I tried to encourage my son to enjoy his senior in high school with no regrets for when it finally arrives everything will become nothing but a memory with no going back. Freedom from high school feels great at the moment, but when you look at how you spent your time could be filled with regrets. I am encouraging my daughter to enjoy everyday as though it was her last day in high school creating good memories before it all enters into the past and can never be repeated.

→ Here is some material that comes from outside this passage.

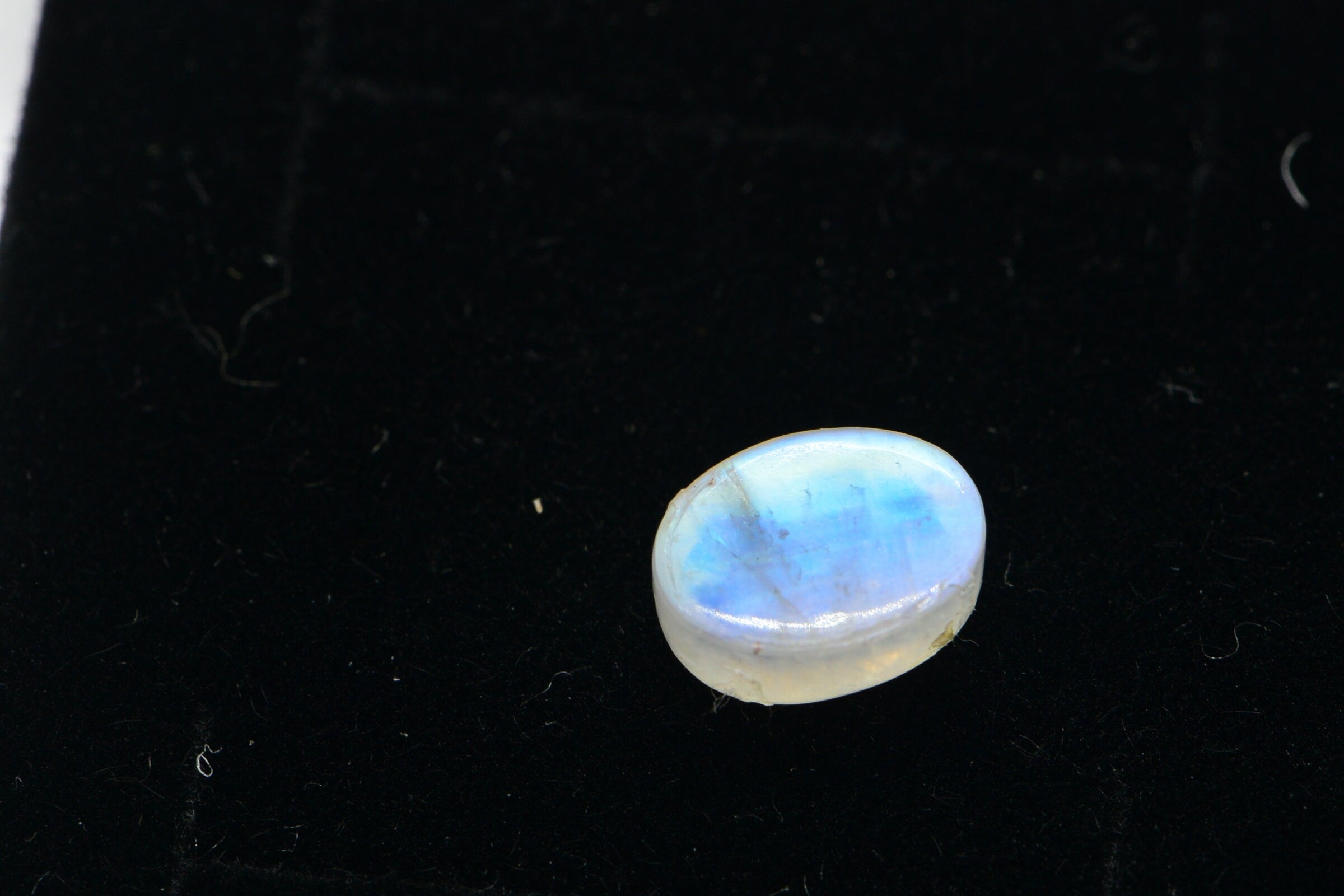 Moonstone Cabochon: Natural Oval Gemstone (9X7mm)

My wife had an Uncle of whom I grew to love and appreciate. He developed a heart condition. I felt like I needed to video tape our family get together because it may be the last time we see him alive. Unknowingly, it was a short time later he fell over with a heart attack and was gone. I am glad I spent the time carefully recording the laughter, the games, and the family fellowship. I became the family video guy for all occasions. I spent my time recording others having a good time with no regrets because one Christmas was the last Christmas my brother-in-law would have with his wife and 2-year-old son. When the son reached his upper teenage years I put together all the videos of his dad before he was killed in a car accident. We are all under the time spout flowing out the seconds that we live not knowing when the time will come for it to turn off on us. Someone or something will spend your life for you. Take control of your seconds and live them fulfilled as much as possible.
In the movie Saving Private Ryan the last words he spoke at the grave site really leaped out to me when he said, “Everyday I think about what you said to me that day on the bridge; I’ve tried to live my life the best that I could. I hope that it was enough. I hope, that at least in your eyes, I earned what you have done for me.” I have buried my earthly father of whom I love very much and am grateful for the life he taught me how to live. He may not have been able to give me large amounts of money to spend, but he spent his life giving me the example of how to live this life the right way without wasting precious time on meaningless things. Spend yourself in a way that those around you will talk about you for years to come as a person who earned their spot in life worthy of those who sacrificed.
You only have one life to live, live it wisely. Life is too short to go through it bitter and upset. Thank you for reading and have a great day in-spite of what comes your way.